= EXERCISE INSTRUCTIONS =
Your copy should hold every record exactly and no images.

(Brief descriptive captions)
──────────────────────────────

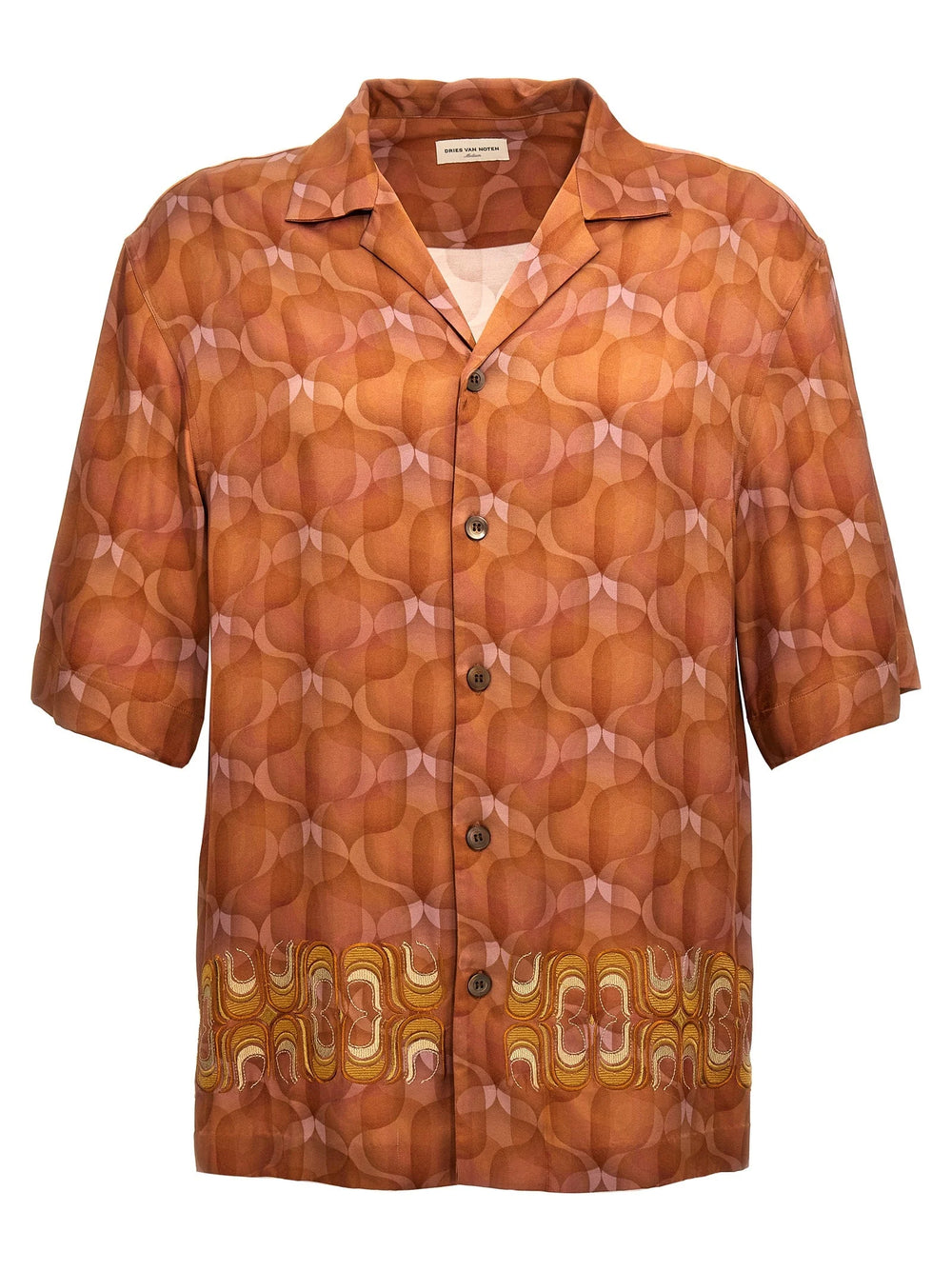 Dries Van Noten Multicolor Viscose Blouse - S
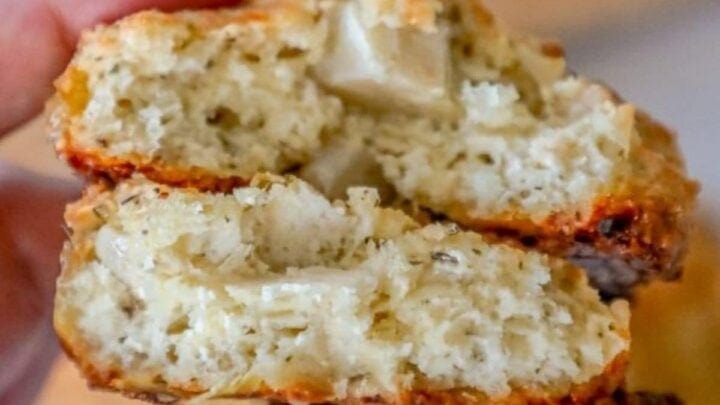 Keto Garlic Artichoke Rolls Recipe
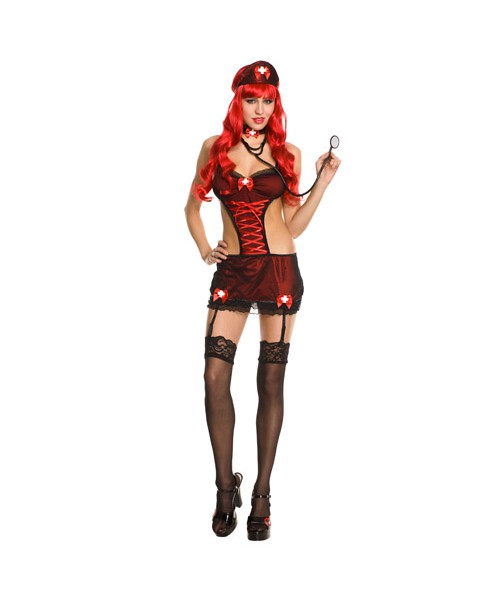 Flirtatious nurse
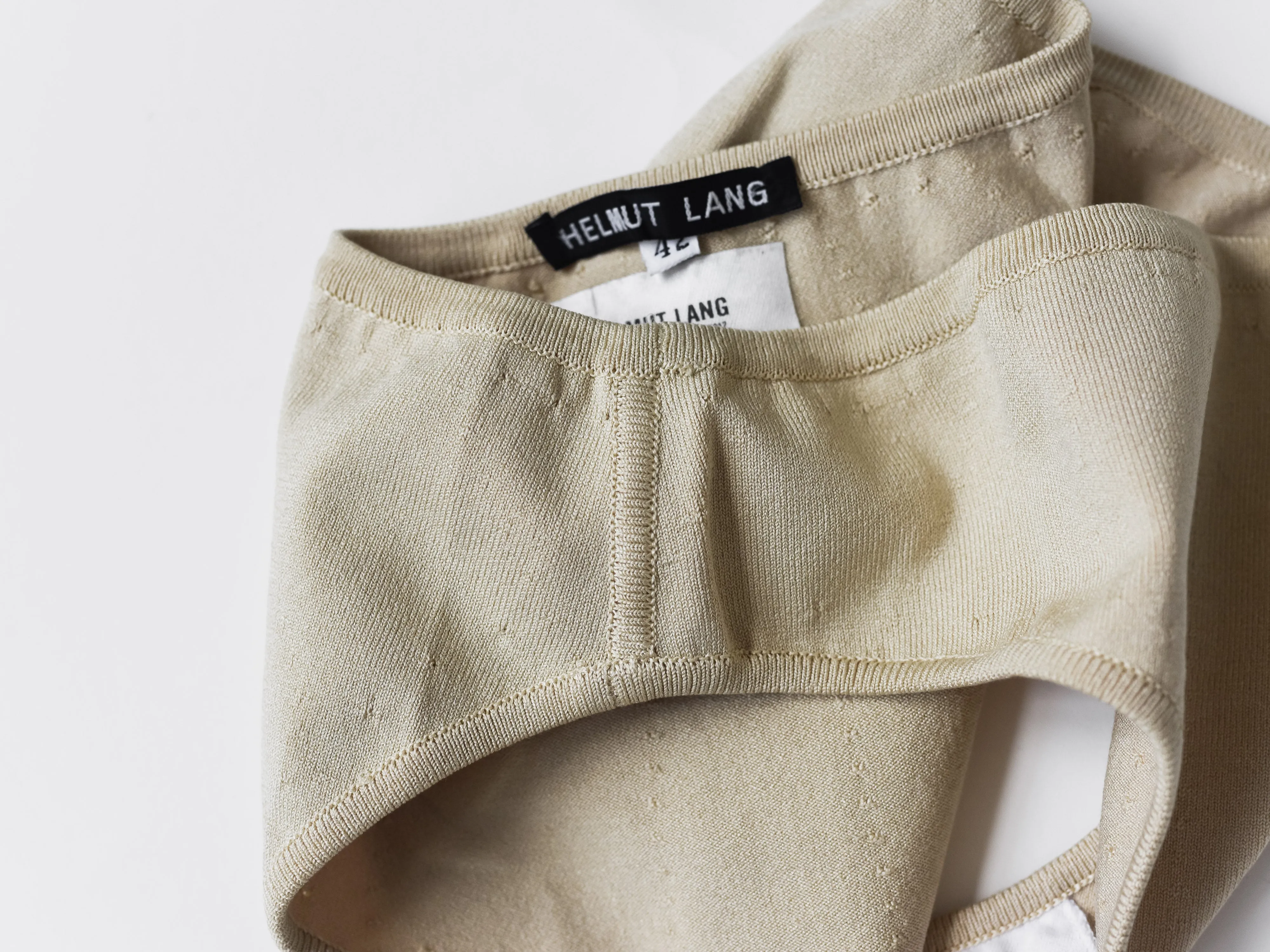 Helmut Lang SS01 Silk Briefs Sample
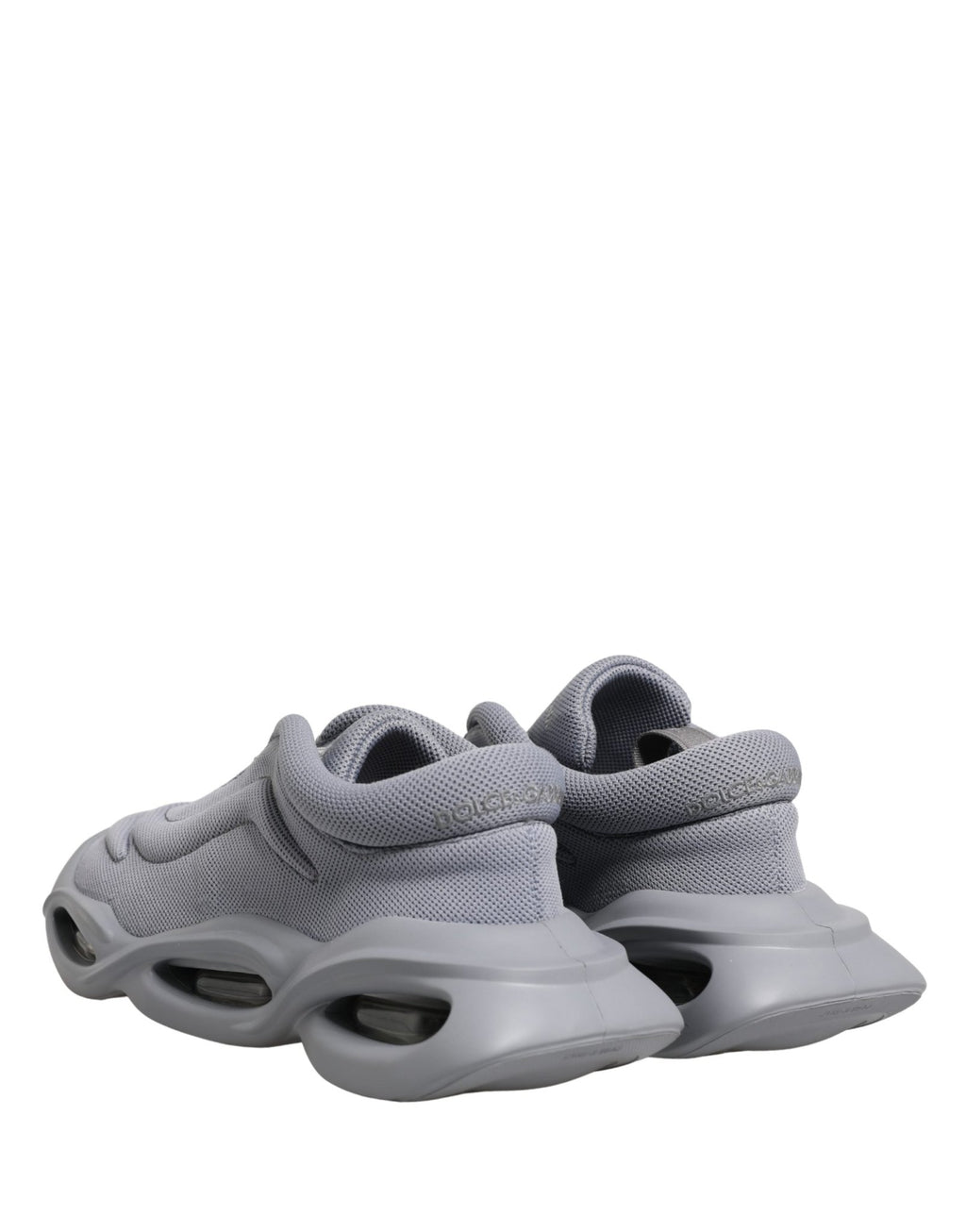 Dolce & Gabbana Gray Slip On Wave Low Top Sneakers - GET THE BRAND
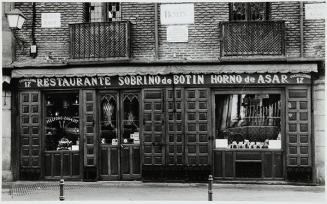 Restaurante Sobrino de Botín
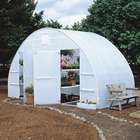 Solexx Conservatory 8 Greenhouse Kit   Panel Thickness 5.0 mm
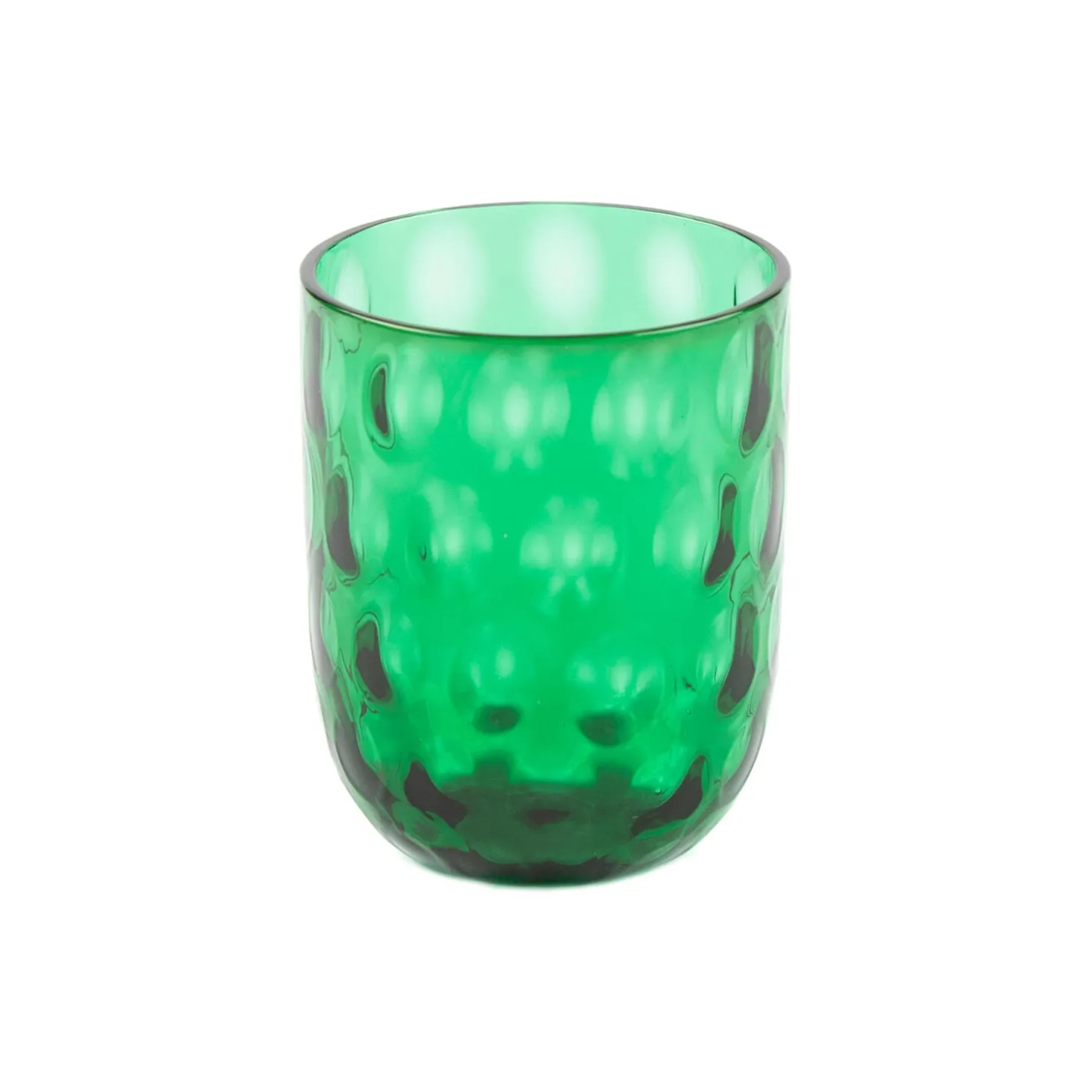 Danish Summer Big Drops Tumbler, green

──────────────────────────────

= TASK ANSWER =
 Dries Van Noten Multicolor Viscose Blouse - S
 Keto Garlic Artichoke Rolls Recipe
 Flirtatious nurse
 Helmut Lang SS01 Silk Briefs Sample
 Dolce & Gabbana Gray Slip On Wave Low Top Sneakers - GET THE BRAND
 Restaurante Sobrino de Botín
 Solexx Conservatory 8 Greenhouse Kit   Panel Thickness 5.0 mm
 Danish Summer Big Drops Tumbler, green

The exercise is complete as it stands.